== EXERCISE AIM ==
Transcribe all data verbatim. Skip the pictures.

== DATASET CONTENT ==
== Segment start ==
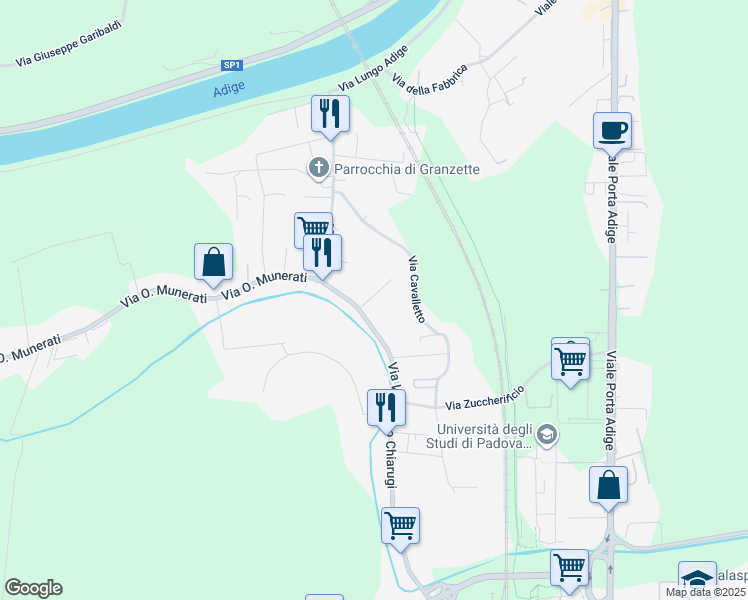 map of restaurants, bars, coffee shops, grocery stores, and more near 142b Cimitero in Rovigo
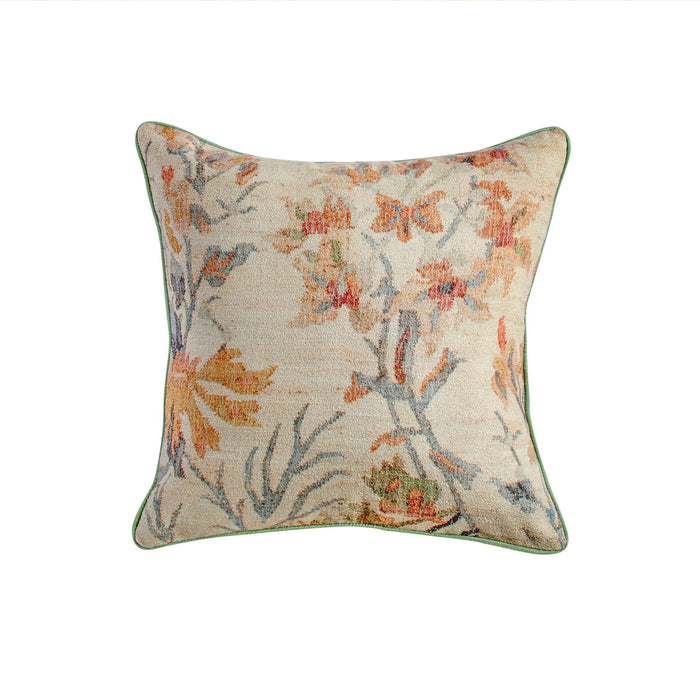 Taman - 20" Natural Cotton Accent Pillow - Summer Florals - DecorGalore4U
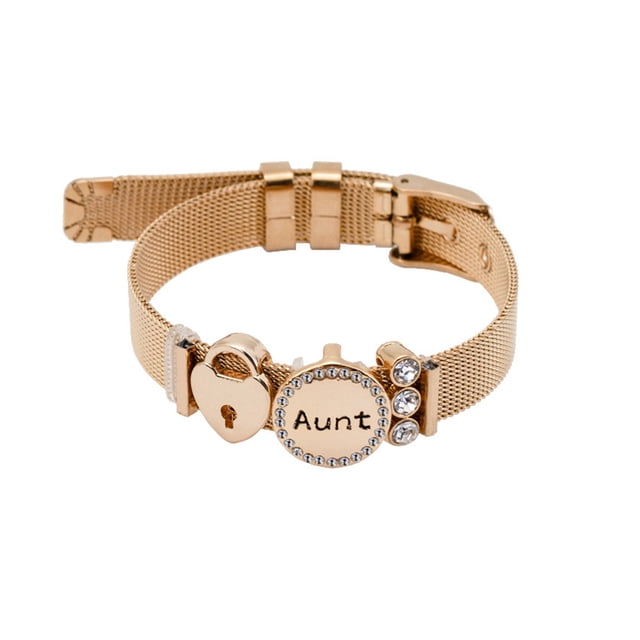 XWSHYW Esposas Pulsera Redonda Conmemorativa de Acero Inoxidable, Pulsera con Letras, Regalo para Tía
== Segment end ==
== YOUR SOLUTION ==
 map of restaurants, bars, coffee shops, grocery stores, and more near 142b Cimitero in Rovigo
 Taman - 20" Natural Cotton Accent Pillow - Summer Florals - DecorGalore4U
 XWSHYW Esposas Pulsera Redonda Conmemorativa de Acero Inoxidable, Pulsera con Letras, Regalo para Tía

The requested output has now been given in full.